Andere Anbieter nehmen teilweise Geld, dafür landet man mit eigener ISBN auch im Verzeichnis der lieferbaren Bücher, aus dem sich wiederum die Buchhändler bedienen. Hier muss jeder selbst zu Vor- und Nachteilen recherchieren – was für mich gut ist, muss für andere nicht passen. Und selbst ich muss von Buch zu Buch überlegen, was ich will…
Marketing? Marketing! Marketing …
Und auch hier muss jede Autorin und jeder Autor selber wissen, was er oder sie möchte. Denn Marketing kostet Geld. Geld, das man mit selbst veröffentlichten Romanen – da sollte man ehrlich sein! – aller Wahrscheinlichkeit nicht wieder einspielen wird. Vor allem dann nicht, wenn man vorher einen Cover-Designer beauftragt und Korrektorat sowie Lektorat gegen Geld hat durchführen lassen.
Sich nur auf Amazon zu verlassen, funktioniert nicht. Meine Sachbücher verkaufen sich ohne viel Marketing, weil sie „Nische“ sind – da reichen Qualität und drei oder vier einschlägige Facebook-Gruppen. Bei Romanen ist das anders – da gibt es zu viele neue Werke jeden Monat. Und wie sticht man da aus der Masse heraus? Möglichst, ohne dass man dabei pleitegeht?
Die Antwort ist: Entweder Glück haben, Beziehungen haben oder einfach abwarten.

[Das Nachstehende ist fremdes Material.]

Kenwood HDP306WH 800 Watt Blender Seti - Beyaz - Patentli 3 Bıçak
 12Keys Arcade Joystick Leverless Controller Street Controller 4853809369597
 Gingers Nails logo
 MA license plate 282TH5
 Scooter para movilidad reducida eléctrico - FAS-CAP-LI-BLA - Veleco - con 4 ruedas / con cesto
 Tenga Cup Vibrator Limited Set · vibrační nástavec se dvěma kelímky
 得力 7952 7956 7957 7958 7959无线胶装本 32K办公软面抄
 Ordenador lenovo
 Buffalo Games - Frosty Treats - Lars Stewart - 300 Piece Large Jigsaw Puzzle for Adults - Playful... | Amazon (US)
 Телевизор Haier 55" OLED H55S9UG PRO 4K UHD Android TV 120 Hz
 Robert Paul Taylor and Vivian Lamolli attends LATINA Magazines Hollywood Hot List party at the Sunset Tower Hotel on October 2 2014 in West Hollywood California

Kreativ sein. Seine Erwartungshaltung mäßigen – keiner wartet nur auf meine Bücher! Und nur, weil sie mir gefallen, müssen es keine Bestseller werden.
Und auch, wenn sich nur wenige Exemplare verkaufen: Den Spaß am Schreiben – die Tatsache, dass meine Bücher in der National- und der Landesbibliothek stehen (OK, Hessen nimmt mittlerweile eBooks, da steht nix mehr…) – das alles kann dir niemand nehmen. Und ich finde, das ist schon eine ganze Menge!